Out of 51 U.S. jurisdictions, South Carolina ranks #23 overall for its friendliness towards faith-based nonprofit organizations. South Carolina has several laws that facilitate the contributions of faith-based nonprofits, including an automatic exemption from state corporate income tax for religious organizations that have 501(c)(3) status and beneficial nonprofit religious corporation laws. Additionally, South Carolina has no audit requirements for religious organizations to solicit donations in the state. South Carolina, however, has some policies that are burdensome to faith-based nonprofits operating in the state, such as a Blaine Amendment and nondiscrimination laws regarding public accommodations that include no meaningful religious exemptions.
The South Carolina Constitution follows in lockstep with the federal constitution’s protections, meeting but not exceeding the required minimum protections of the First Amendment (as currently interpreted by the US Supreme Court).
South Carolina has enacted a RFRA that protects the religious free exercise of all individuals and entities by requiring government burdens on religious exercise to satisfy strict scrutiny. Since the RFRA is a statute rather than a state constitutional provision, South Carolina does not receive the highest score for this factor.
South Carolina’s nondiscrimination laws generally restrict religious freedom for religious organizations that offer public programming and facilities and provide no meaningful religious accommodations or exemptions.
South Carolina law provides that the conduct of religious organizations can only be prohibited or restricted by an emergency order that: (a) applies equally to all “essential” secular entities in the jurisdiction, (b) serves a compelling governmental interest, and (c) is narrowly tailored.

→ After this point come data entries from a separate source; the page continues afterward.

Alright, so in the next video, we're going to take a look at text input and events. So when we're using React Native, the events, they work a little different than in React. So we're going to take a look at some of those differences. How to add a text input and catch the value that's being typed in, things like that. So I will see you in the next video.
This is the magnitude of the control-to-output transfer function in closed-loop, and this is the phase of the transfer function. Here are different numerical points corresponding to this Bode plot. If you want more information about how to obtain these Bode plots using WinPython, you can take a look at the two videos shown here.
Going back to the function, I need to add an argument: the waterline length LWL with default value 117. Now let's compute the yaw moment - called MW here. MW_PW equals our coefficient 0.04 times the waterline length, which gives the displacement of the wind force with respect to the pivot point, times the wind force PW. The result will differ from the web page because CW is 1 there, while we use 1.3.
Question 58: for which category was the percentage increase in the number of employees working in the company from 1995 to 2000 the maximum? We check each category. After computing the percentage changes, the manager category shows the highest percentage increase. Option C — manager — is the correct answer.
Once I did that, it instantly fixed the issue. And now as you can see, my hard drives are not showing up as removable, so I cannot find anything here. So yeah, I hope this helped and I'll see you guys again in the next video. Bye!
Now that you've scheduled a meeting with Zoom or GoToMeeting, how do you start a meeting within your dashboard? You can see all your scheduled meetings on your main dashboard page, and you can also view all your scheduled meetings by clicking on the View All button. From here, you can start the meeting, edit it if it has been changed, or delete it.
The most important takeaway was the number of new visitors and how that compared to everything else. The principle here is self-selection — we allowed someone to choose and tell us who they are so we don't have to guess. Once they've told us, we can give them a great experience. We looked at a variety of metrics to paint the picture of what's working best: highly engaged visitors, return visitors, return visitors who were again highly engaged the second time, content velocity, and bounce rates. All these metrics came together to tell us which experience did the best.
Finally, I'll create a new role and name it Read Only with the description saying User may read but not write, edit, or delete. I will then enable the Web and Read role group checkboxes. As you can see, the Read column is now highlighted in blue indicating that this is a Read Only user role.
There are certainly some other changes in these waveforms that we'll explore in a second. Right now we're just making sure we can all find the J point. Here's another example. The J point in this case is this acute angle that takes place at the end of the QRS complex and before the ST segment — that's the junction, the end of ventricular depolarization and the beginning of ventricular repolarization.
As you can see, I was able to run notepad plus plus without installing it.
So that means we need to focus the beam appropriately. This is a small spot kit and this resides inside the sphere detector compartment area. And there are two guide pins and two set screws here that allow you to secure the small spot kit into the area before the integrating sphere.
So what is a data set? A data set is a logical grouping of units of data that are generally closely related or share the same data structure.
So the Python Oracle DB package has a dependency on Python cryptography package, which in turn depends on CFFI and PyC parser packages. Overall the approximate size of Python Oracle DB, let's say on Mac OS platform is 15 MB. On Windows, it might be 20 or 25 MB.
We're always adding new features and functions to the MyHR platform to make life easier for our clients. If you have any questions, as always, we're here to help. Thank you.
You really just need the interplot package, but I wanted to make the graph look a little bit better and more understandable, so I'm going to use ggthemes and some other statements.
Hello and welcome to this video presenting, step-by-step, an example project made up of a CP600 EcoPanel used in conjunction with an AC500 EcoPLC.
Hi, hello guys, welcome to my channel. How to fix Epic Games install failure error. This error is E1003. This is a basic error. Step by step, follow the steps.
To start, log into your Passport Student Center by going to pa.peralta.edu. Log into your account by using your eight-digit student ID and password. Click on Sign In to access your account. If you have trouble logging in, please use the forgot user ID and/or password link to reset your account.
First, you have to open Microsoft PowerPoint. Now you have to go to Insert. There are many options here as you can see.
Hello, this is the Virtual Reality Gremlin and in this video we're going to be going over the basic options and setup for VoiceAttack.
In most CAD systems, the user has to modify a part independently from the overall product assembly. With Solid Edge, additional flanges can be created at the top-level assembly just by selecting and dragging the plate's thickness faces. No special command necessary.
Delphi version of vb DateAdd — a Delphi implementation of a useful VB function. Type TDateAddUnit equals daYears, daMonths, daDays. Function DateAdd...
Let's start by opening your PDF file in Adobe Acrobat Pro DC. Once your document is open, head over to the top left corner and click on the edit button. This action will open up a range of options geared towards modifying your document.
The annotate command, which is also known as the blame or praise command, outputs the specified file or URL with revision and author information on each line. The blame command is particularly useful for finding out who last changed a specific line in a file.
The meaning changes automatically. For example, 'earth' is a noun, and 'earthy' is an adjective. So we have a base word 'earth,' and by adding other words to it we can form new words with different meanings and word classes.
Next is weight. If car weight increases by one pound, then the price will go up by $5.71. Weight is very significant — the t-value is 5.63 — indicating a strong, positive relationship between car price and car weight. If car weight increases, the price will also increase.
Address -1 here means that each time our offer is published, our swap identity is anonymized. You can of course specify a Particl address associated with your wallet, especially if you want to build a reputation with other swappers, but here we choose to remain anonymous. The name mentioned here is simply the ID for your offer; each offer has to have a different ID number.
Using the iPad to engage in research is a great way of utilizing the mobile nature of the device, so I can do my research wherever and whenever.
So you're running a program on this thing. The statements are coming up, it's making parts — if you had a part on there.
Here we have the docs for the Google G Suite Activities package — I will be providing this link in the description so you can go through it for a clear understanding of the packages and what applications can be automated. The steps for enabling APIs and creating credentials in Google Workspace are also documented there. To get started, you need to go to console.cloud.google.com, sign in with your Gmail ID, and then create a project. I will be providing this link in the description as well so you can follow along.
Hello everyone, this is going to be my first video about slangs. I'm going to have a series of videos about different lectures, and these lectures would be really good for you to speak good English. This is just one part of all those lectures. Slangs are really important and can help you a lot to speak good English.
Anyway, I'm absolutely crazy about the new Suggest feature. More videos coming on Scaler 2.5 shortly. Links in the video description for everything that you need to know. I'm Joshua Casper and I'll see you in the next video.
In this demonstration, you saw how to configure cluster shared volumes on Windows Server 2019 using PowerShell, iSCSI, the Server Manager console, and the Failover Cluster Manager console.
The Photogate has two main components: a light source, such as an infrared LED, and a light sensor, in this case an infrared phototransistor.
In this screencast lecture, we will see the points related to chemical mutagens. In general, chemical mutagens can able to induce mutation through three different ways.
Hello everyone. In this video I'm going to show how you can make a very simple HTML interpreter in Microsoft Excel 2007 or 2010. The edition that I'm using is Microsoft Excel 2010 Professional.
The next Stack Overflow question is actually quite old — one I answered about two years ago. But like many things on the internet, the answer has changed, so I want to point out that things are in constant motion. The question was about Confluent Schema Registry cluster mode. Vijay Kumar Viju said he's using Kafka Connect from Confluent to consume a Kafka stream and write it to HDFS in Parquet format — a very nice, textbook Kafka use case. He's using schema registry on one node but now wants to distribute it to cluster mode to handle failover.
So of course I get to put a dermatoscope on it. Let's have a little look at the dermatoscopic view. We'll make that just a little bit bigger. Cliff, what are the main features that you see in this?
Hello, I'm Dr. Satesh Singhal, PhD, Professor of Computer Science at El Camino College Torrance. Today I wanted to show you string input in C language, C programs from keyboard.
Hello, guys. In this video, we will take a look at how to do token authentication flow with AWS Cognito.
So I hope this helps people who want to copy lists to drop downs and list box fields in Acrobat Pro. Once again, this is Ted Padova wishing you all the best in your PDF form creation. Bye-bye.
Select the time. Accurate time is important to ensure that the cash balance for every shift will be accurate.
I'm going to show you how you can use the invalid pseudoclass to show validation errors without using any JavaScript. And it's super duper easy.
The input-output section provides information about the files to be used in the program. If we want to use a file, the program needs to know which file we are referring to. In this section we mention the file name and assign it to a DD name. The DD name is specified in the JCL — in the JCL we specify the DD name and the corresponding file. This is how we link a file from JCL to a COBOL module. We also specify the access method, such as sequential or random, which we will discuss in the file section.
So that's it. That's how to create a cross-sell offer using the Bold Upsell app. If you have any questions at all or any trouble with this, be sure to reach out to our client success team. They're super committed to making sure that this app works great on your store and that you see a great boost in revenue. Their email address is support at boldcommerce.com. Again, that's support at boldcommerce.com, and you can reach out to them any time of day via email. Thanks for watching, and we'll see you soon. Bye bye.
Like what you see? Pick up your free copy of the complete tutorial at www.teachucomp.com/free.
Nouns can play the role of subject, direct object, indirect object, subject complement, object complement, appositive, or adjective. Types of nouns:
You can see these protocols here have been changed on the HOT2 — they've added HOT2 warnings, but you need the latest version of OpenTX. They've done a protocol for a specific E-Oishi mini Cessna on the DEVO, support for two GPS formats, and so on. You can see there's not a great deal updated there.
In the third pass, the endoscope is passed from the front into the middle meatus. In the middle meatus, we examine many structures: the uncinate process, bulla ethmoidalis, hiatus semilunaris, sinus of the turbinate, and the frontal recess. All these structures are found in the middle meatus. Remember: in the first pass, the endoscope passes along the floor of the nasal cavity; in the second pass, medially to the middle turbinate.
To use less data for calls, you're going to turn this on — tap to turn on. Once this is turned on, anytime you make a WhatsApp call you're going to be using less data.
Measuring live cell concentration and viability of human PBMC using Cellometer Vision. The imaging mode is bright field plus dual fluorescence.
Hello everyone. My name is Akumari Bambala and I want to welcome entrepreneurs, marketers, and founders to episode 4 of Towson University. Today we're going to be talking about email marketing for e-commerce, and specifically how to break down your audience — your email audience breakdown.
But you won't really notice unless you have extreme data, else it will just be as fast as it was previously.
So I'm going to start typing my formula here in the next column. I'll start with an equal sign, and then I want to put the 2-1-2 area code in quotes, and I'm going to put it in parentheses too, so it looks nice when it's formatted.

The South Carolina Constitution contains a Blaine Amendment that could prevent the participation of faith-based schools in generally available public benefit programs on the same terms as similarly situated secular schools. This is not as broad as a general Blaine Amendment, which prohibits all aid to faith-based institutions, but is still detrimental to the work of faith-based institutions. Current U.S. Supreme Court precedent has rendered this language ineffective in many cases, but it could become effective in the future if Court precedent changes.
South Carolina nonprofit corporation law includes certain provisions to protect religious nonprofits’ right to self-government in internal affairs in some situations, including a provision that defers to ecclesiastical law or religious doctrine in the event that the religious law or doctrine conflicts with the nonprofit corporation law to the extent required by the Constitution of the United States or the South Carolina constitution.
South Carolina law permits a director to rely on guidance from religious figures within his or her faith tradition in the fulfillment of the director’s fiduciary duties.
South Carolina charitable solicitation law contains exemptions only for entities that are not required to file Form 990, such as organizations classified as churches, religious orders, etc.
South Carolina does not require the submission of reviewed or audited financials as a condition of maintaining authorization to fundraise in the state.
South Carolina imposes a sales and use tax on religious organizations’ sales but generally provides a broad and comprehensive, entity-based tax exemption for 501(c)(3) religious organizations’ sales upon application.